Hi I don't know how to identify gate-source voltage in this example:
Can anybody help?

 

Posting in the homework section requires that you make some attempts on your own first, and show your work. You probably won't get any help until you show a little effort on your part.

 

At what time are you to answer the question? Ask yourself what the gate current is at or after that time? What is the voltage drop across R1? What is the voltage at the top rail?

John

 

Assuming that this is a DC circuit, the key is to ask what the current is that is flowing in R1 and, from that, ask what the voltage drop across R1 is.

Beyond that, you really need to show some work.

 

In your schematic, the gate-source voltage Vgs is simply the voltage on the gate, because the source, S, is grounded.
Vgs = Vgate - Vsource. Is that what you're asking?

 

In your schematic, the gate-source voltage Vgs is simply the voltage on the gate, because the source, S, is grounded.
Vgs = Vgate - Vsource. Is that what you're asking?

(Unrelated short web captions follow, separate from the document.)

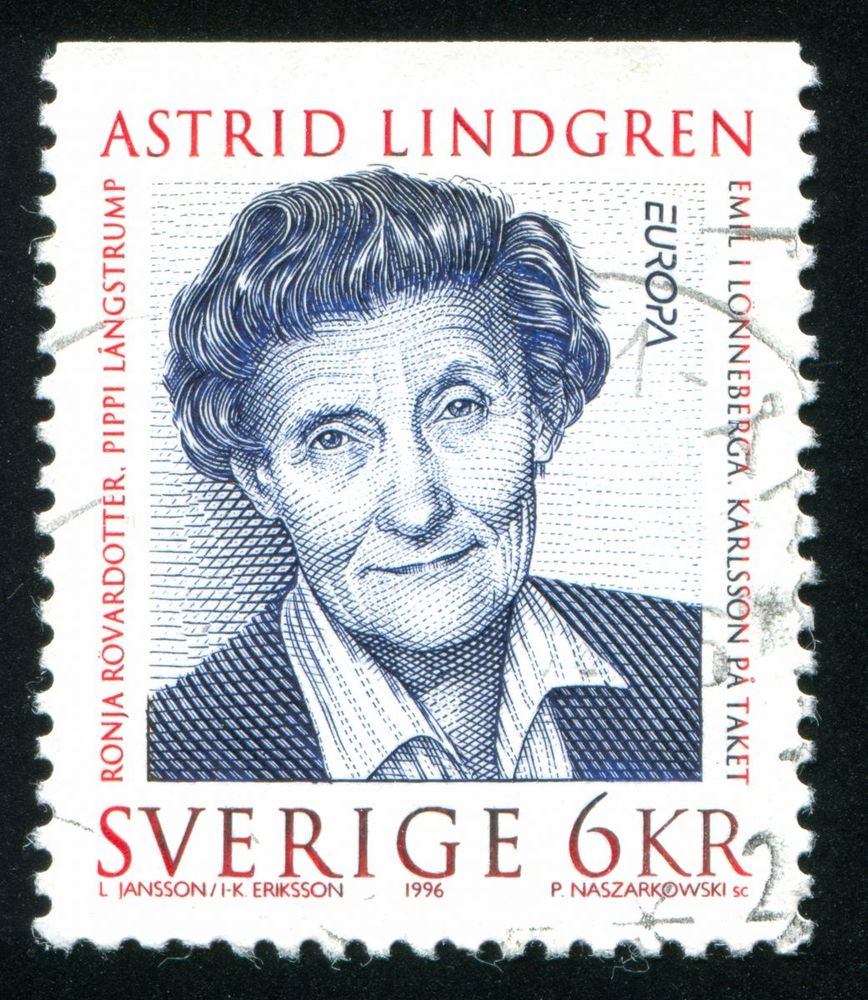 Frimärke med Astrid Lindgren på. 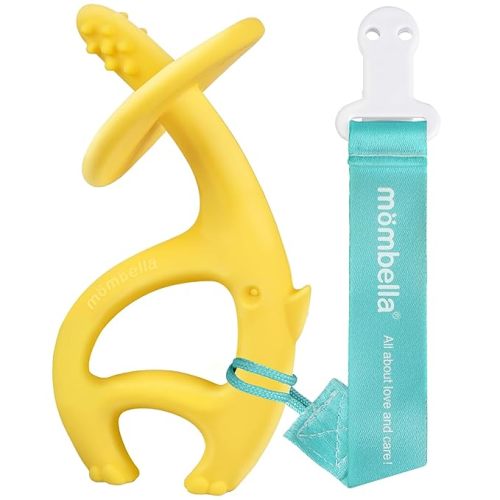 Teething Toys 3 Months+, Mombella Elephant Teethers for Babies with Strap to Clip on, Soft Silicone Teether Toys, 2 in 1 Teether & Pre-Training Toothbrush, 3 Month Old Infant Chew Toys, Yellow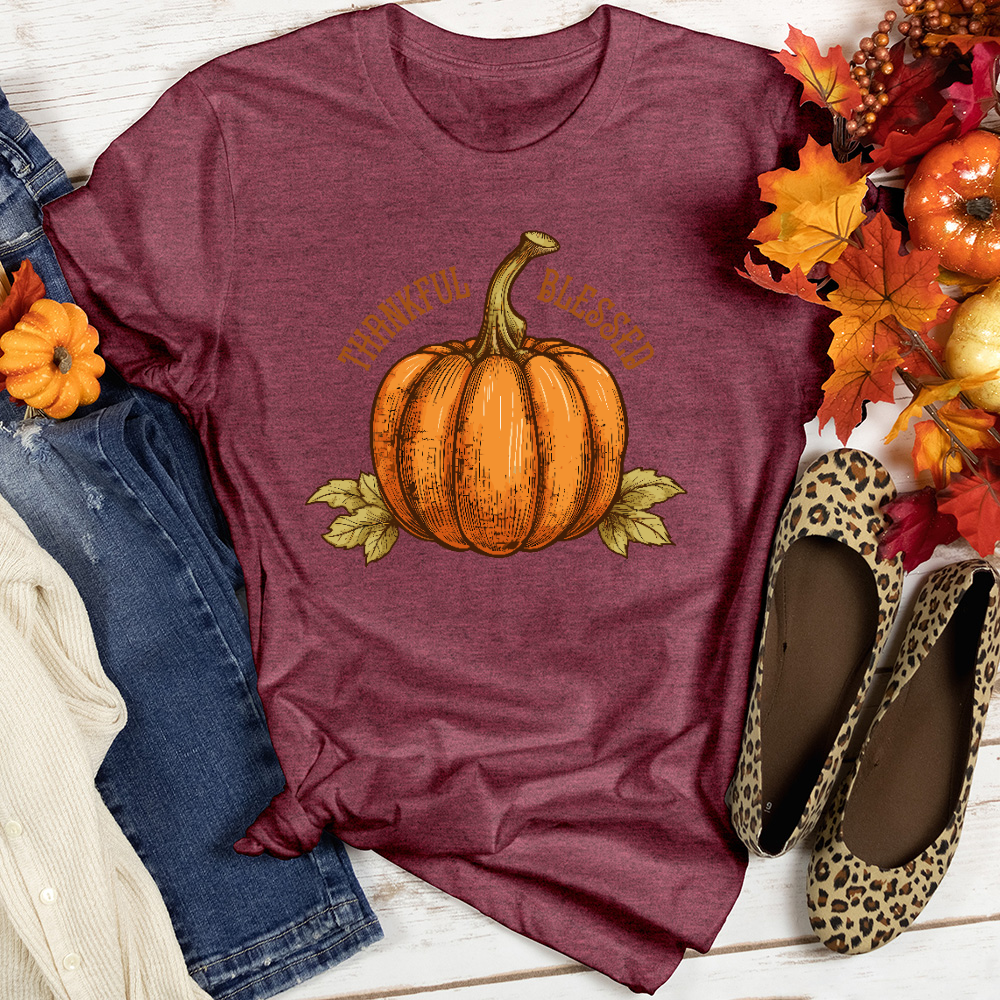 Thankful Blessed Pumpkin Heathered Tee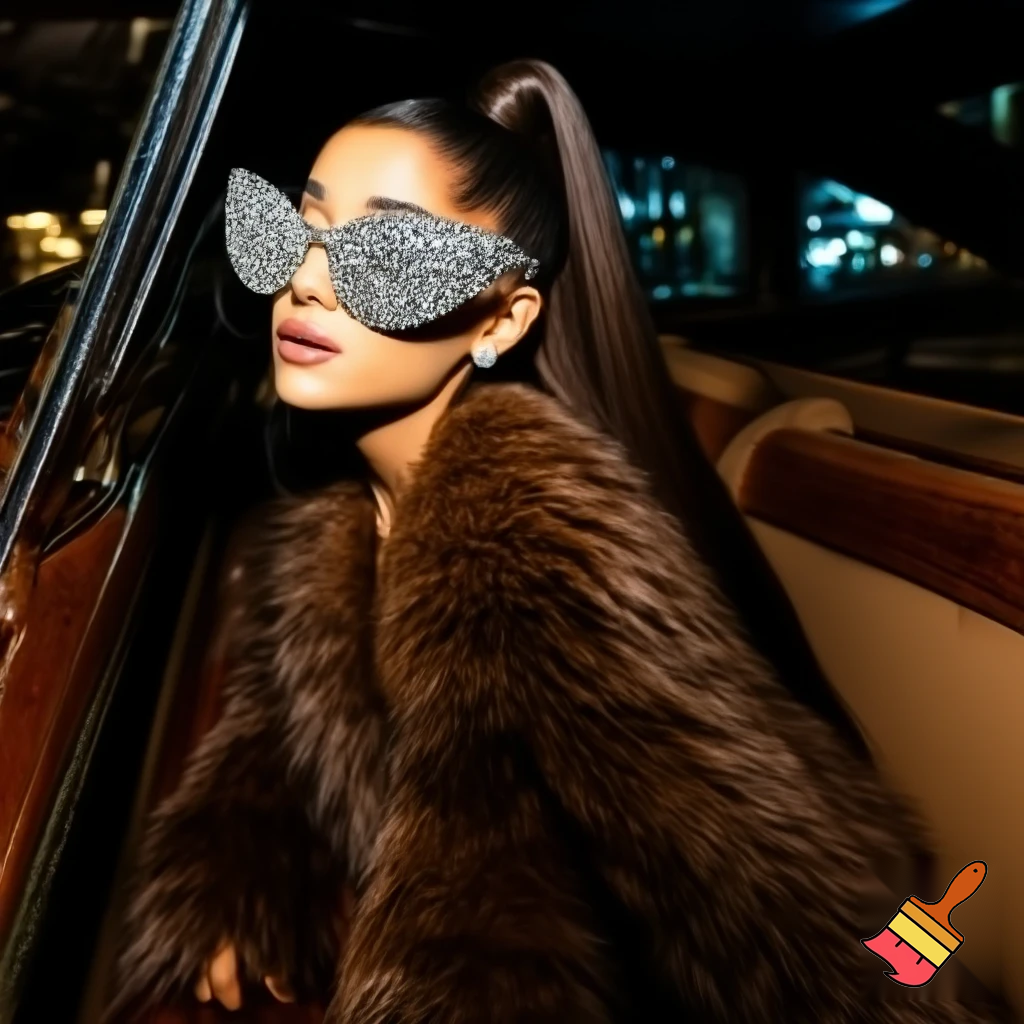 ariana grande with a high slick ponytail wearing a fur coat posing in a luxurious car with diamond glasses selfie angle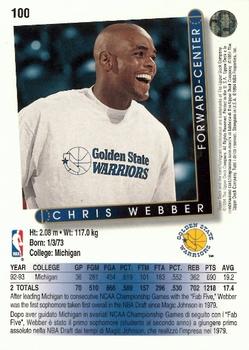 1993-94 Upper Deck Italian #100 Chris Webber Back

I solve this problem, but I'm not sure about the Vgs. Could you check if this is correct?

 

Were you given Vds? If not, how did you calculate it?

Assuming your Vds is correct, then your answer is close, but there is a small error from rounding: Vds + Vr2 = Vdd = Vgs (after sufficient time for the gate capacitance to charge and assuming no gate leakage, i.e., no gate current).

John

 

Were you given Vds? If not, how did you calculate it?

Assuming your Vds is correct, then your answer is close, but there is a small error from rounding: Vds + Vr2 = Vdd = Vgs (after sufficient time for the gate capacitance to charge and assuming no gate leakage, i.e., no gate current).

John

Vds was given in DC steady state as VDSdc = 4.9V and about the gate current.. Can it be associated with isolated gate and hence Ig=0 in steady state?
I'm a beginner in this, so sorry if my question seems stupid, I'm trying to figure out how does it work...

 

Vds was given in DC steady state as VDSdc = 4.9V and about the gate current.

I did not see that value in the question you posted. With many mosfets at a gate Vgs of 7V, one might expect a lower Vds, but the value you used is not unrealistic.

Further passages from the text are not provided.